In Iraq si sta completando il rischiaramento del contingente italiano
In Iraq, a Erbil, si sta completando il rischiaramento del contingente italiano destinato a operazioni di “Personnel Recovery”, vale a dire di ricerca, soccorso e recupero di personale disperso o ferito anche in aree ostili. Al di là della pudica definizione ufficiale, si tratta di una missione “combat” a tutti gli effetti, perché destinata a svolgersi anche (ma si potrebbe dire soprattutto) in presenza di fuoco nemico.
Nell’area sono già presenti 4 elicotteri Nh-90 dotati di contromisure verso i missili spalleggiabili terra-aria (i “manpads”, ultimamente forniti largamente a terroristi e “ribelli” d’ogni sorta da Usa, Turchia e soprattutto dagli Stati del Golfo), oltre che di mitragliatrice a canne rotanti tipo Gatling.
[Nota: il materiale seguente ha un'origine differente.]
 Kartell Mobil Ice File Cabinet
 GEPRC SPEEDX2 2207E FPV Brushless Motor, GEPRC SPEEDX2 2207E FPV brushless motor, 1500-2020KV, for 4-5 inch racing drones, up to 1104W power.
Al seguito dei velivoli sono già affluiti 60/70 uomini appartenenti ai Reggimenti 5° Rigel, 7° Vega e ai fanti dell’aria del 66° Trieste.
Sono in corso di trasferimento 4 elicotteri d’attacco Aw-129 Mangusta, dotati di cannone a canna rotante da 20 mm, razziere e missili, destinati a dare copertura alle missioni. Entro la fine del mese l’intero contingente di 130 uomini e 8 elicotteri sarà al completo; per la stessa data è prevista la Foc (Final Operational Capability), ovvero la capacità operativa.
Mentre con discrezione si ultima il trasferimento di questo reparto, a giorni sarà annunciato l’avvio della missione a protezione dei lavori presso la diga di Mosul e la composizione del contingente. Anche questa, malgrado se ne parli poco, è una missione pienamente “combat” che coinvolgerà circa 500 militari italiani, che si aggiungeranno alle diverse centinaia già impiegati nell’area in compiti di ricognizione o istruzione.
Fa specie vedere che, obbedendo come sempre alle direttive di Washington, l’Italia continui a distaccare i pochi assetti preziosi di cui dispone in teatri lontani (vedi Afghanistan) mentre in Libia, sulla porta di casa, la situazione continua a degenerare.